WORK TASK: Beneath this instruction is a block of data; output from it exactly the lines that run from the one containing "镇人大2022年工作要点" through the one containing "EPSON EPSON CABLE,HEAD,F2(2145558)", inclusive.

INPUT MATERIAL:
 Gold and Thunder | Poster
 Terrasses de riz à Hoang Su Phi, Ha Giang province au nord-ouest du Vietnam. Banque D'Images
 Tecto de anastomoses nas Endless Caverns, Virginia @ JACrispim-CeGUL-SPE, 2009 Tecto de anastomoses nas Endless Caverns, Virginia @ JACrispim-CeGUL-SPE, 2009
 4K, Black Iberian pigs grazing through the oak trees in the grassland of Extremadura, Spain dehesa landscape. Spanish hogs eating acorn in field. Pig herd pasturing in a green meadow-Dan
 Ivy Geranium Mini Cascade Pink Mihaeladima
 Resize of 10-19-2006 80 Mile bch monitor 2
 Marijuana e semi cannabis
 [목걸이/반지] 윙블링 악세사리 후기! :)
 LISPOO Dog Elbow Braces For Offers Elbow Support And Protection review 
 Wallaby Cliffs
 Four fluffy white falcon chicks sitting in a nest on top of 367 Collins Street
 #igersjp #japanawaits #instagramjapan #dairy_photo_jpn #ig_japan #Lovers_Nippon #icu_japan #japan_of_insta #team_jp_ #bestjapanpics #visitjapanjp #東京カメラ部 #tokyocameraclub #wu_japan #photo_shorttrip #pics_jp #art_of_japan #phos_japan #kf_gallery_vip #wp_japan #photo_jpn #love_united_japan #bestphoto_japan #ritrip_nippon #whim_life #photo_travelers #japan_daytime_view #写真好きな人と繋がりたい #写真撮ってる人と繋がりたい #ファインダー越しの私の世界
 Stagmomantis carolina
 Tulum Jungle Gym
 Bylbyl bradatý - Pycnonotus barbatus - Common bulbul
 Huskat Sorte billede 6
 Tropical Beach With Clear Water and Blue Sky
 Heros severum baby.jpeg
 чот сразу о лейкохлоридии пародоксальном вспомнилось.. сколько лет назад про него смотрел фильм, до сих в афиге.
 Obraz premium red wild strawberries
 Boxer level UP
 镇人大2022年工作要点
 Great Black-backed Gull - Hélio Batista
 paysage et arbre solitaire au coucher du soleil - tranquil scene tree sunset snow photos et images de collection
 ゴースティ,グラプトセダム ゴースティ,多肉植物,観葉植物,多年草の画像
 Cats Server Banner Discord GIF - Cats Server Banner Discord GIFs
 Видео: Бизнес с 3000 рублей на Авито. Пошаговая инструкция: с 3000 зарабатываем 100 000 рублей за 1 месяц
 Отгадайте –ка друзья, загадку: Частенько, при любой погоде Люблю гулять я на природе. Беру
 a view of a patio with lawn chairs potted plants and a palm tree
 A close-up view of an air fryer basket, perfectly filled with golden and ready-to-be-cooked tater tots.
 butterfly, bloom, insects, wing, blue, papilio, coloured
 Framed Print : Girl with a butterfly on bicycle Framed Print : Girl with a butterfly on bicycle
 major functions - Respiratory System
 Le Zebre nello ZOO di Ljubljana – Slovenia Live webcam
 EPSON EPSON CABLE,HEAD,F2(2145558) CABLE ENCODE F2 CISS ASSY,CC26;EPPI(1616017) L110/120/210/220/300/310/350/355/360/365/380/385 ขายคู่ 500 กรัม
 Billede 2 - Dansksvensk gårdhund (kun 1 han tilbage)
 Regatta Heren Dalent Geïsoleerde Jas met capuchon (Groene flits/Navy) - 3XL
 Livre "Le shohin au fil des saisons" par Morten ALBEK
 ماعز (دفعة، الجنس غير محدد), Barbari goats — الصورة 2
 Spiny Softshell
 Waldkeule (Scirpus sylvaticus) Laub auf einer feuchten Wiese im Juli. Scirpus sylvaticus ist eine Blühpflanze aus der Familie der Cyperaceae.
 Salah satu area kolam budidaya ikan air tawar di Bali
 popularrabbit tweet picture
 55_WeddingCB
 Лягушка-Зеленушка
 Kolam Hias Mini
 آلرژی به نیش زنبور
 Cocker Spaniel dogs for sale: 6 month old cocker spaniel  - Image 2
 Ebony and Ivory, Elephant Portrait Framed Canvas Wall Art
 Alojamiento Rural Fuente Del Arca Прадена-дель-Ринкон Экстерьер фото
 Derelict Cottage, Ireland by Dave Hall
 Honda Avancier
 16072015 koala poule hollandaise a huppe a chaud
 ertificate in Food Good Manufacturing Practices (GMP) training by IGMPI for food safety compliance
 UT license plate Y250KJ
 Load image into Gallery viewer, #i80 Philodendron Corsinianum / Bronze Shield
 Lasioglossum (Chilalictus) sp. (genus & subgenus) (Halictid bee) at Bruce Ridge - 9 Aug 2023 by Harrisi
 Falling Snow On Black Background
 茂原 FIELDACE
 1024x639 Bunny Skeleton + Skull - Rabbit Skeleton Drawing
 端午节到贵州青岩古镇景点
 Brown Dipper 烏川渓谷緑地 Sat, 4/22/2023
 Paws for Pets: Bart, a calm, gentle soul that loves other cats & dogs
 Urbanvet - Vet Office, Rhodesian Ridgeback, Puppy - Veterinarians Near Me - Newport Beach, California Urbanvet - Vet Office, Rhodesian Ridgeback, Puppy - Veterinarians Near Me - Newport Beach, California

RESPONSE BOX:
 镇人大2022年工作要点
 Great Black-backed Gull - Hélio Batista
 paysage et arbre solitaire au coucher du soleil - tranquil scene tree sunset snow photos et images de collection
 ゴースティ,グラプトセダム ゴースティ,多肉植物,観葉植物,多年草の画像
 Cats Server Banner Discord GIF - Cats Server Banner Discord GIFs
 Видео: Бизнес с 3000 рублей на Авито. Пошаговая инструкция: с 3000 зарабатываем 100 000 рублей за 1 месяц
 Отгадайте –ка друзья, загадку: Частенько, при любой погоде Люблю гулять я на природе. Беру
 a view of a patio with lawn chairs potted plants and a palm tree
 A close-up view of an air fryer basket, perfectly filled with golden and ready-to-be-cooked tater tots.
 butterfly, bloom, insects, wing, blue, papilio, coloured
 Framed Print : Girl with a butterfly on bicycle Framed Print : Girl with a butterfly on bicycle
 major functions - Respiratory System
 Le Zebre nello ZOO di Ljubljana – Slovenia Live webcam
 EPSON EPSON CABLE,HEAD,F2(2145558) CABLE ENCODE F2 CISS ASSY,CC26;EPPI(1616017) L110/120/210/220/300/310/350/355/360/365/380/385 ขายคู่ 500 กรัม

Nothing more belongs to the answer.